Write out every entry exactly as it appears.

===== Data shown =====

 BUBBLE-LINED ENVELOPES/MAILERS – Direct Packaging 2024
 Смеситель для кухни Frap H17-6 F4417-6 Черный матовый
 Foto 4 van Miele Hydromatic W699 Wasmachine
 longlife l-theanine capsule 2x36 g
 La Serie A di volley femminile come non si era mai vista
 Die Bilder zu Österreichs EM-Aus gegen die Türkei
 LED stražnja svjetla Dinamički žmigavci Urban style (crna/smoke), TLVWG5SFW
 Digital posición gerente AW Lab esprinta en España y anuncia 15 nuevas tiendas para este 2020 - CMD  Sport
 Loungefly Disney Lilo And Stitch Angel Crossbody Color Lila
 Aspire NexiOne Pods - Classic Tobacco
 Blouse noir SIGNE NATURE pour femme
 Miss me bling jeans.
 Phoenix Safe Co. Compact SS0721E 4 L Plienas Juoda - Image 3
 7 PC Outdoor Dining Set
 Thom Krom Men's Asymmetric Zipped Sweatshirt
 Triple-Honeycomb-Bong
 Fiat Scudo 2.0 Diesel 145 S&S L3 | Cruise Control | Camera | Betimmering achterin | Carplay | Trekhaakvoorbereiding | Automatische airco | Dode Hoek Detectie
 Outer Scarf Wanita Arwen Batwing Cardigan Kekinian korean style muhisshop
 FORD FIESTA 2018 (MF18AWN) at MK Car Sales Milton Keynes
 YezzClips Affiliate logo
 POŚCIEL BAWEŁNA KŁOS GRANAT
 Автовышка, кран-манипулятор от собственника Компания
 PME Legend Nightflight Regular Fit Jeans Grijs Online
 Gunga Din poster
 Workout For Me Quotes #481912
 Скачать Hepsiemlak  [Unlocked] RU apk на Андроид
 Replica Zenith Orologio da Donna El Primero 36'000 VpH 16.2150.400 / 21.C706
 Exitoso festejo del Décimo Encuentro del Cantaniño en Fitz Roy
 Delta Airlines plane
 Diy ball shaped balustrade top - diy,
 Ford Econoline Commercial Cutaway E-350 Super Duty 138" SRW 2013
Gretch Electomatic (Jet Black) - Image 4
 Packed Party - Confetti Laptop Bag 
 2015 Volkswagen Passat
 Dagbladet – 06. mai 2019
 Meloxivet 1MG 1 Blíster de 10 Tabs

=====

_Reply to the exercise:_
 BUBBLE-LINED ENVELOPES/MAILERS – Direct Packaging 2024
 Смеситель для кухни Frap H17-6 F4417-6 Черный матовый
 Foto 4 van Miele Hydromatic W699 Wasmachine
 longlife l-theanine capsule 2x36 g
 La Serie A di volley femminile come non si era mai vista
 Die Bilder zu Österreichs EM-Aus gegen die Türkei
 LED stražnja svjetla Dinamički žmigavci Urban style (crna/smoke), TLVWG5SFW
 Digital posición gerente AW Lab esprinta en España y anuncia 15 nuevas tiendas para este 2020 - CMD  Sport
 Loungefly Disney Lilo And Stitch Angel Crossbody Color Lila
 Aspire NexiOne Pods - Classic Tobacco
 Blouse noir SIGNE NATURE pour femme
 Miss me bling jeans.
 Phoenix Safe Co. Compact SS0721E 4 L Plienas Juoda - Image 3
 7 PC Outdoor Dining Set
 Thom Krom Men's Asymmetric Zipped Sweatshirt
 Triple-Honeycomb-Bong
 Fiat Scudo 2.0 Diesel 145 S&S L3 | Cruise Control | Camera | Betimmering achterin | Carplay | Trekhaakvoorbereiding | Automatische airco | Dode Hoek Detectie
 Outer Scarf Wanita Arwen Batwing Cardigan Kekinian korean style muhisshop
 FORD FIESTA 2018 (MF18AWN) at MK Car Sales Milton Keynes
 YezzClips Affiliate logo
 POŚCIEL BAWEŁNA KŁOS GRANAT
 Автовышка, кран-манипулятор от собственника Компания
 PME Legend Nightflight Regular Fit Jeans Grijs Online
 Gunga Din poster
 Workout For Me Quotes #481912
 Скачать Hepsiemlak  [Unlocked] RU apk на Андроид
 Replica Zenith Orologio da Donna El Primero 36'000 VpH 16.2150.400 / 21.C706
 Exitoso festejo del Décimo Encuentro del Cantaniño en Fitz Roy
 Delta Airlines plane
 Diy ball shaped balustrade top - diy,
 Ford Econoline Commercial Cutaway E-350 Super Duty 138" SRW 2013
Gretch Electomatic (Jet Black) - Image 4
 Packed Party - Confetti Laptop Bag 
 2015 Volkswagen Passat
 Dagbladet – 06. mai 2019
 Meloxivet 1MG 1 Blíster de 10 Tabs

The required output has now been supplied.